Sometimes, to see a tragedy is to learn a bewildering new language, one difficult for others to understand. The Rev. James Lefebvre, in his 56 years as chaplain to the Albany police, FBI and others, has seen murders, suicides, mutilations and hostage situations.
Lefebvre, 81, has consoled countless cops and families on emergency calls, often late at night. He has learned to speak and listen to people who have seen awful things, who have encountered examples of man’s inhumanity.
Lefebvre will be honored at 4:30 p.m. Saturday at the Polish Community Center by Blue Friday, a nonprofit that assists the families of law enforcement officers killed or injured in the line of duty. The celebration of “A Life of Service to the Community,” will establish a scholarship in his name.

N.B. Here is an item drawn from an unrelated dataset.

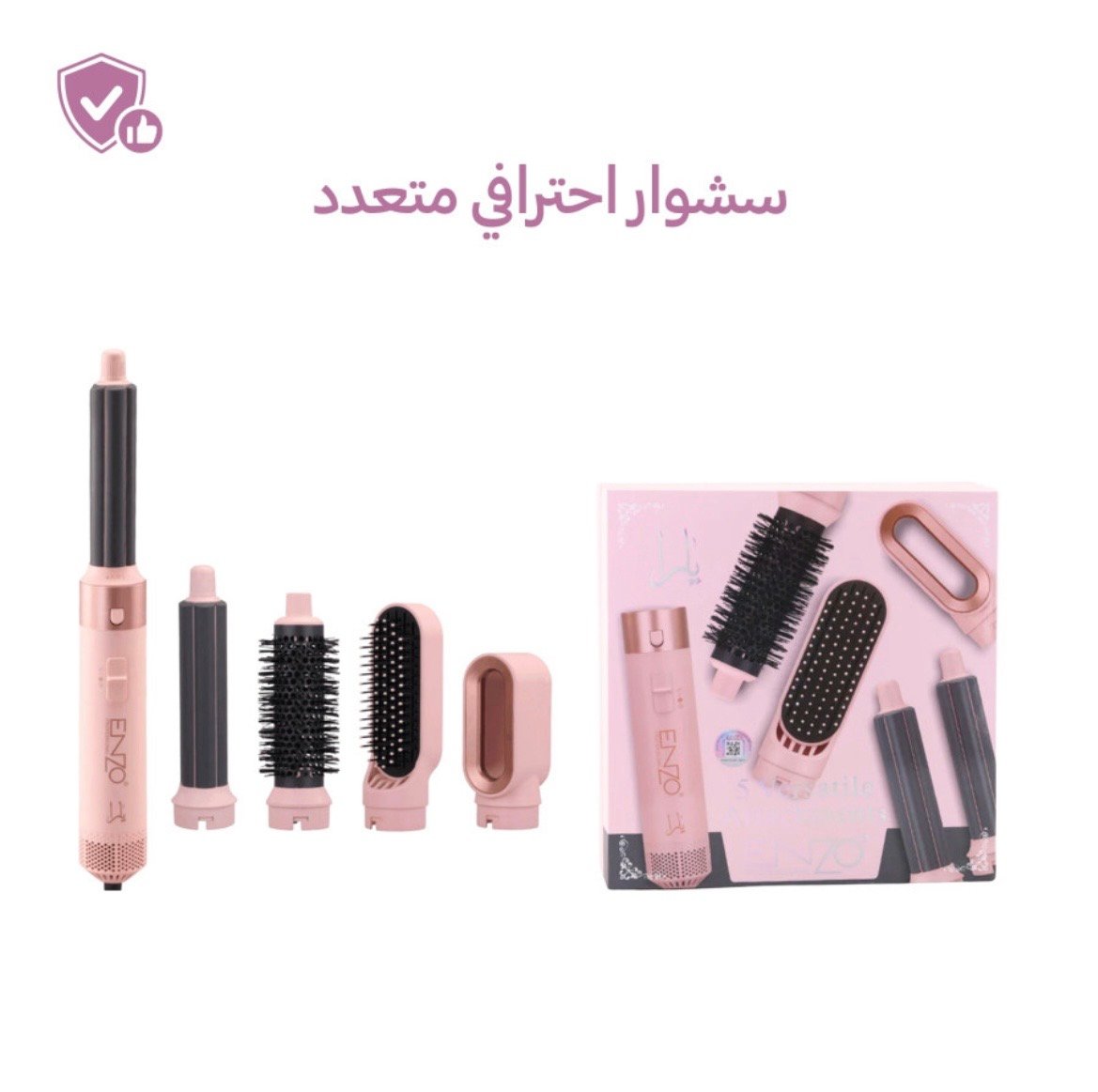 ENZO Professional 5-in-1 Hot Air Styler – 5 Versatile Attachments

Lefebvre, a priest at St. Mary’s Church in Albany, considers police officers, Catholic or not, his parish. He said he knows police officers aren’t perfect, that may they make mistakes, but they are people trying to help their communities. “They’ve allowed me to share their fears, their joys, their sorrows,” Lefebvre said.
An awful sight like a murder can lead some to clam up, pull these bad memories inward, and not allow others to see their emotions. Lefebvre remembered police officers who would be shaken at the crime scene, then taciturn with their families. “What they do: ‘Let’s go on to the next one, close it up, bury it,'” Lefebvre said.
It’s as if some, after seeing the cruel things people can do, cannot easily explain their experience to others without similar experiences, so they seek those who understand, who can speak the same language as them, who can listen without too much need for translation.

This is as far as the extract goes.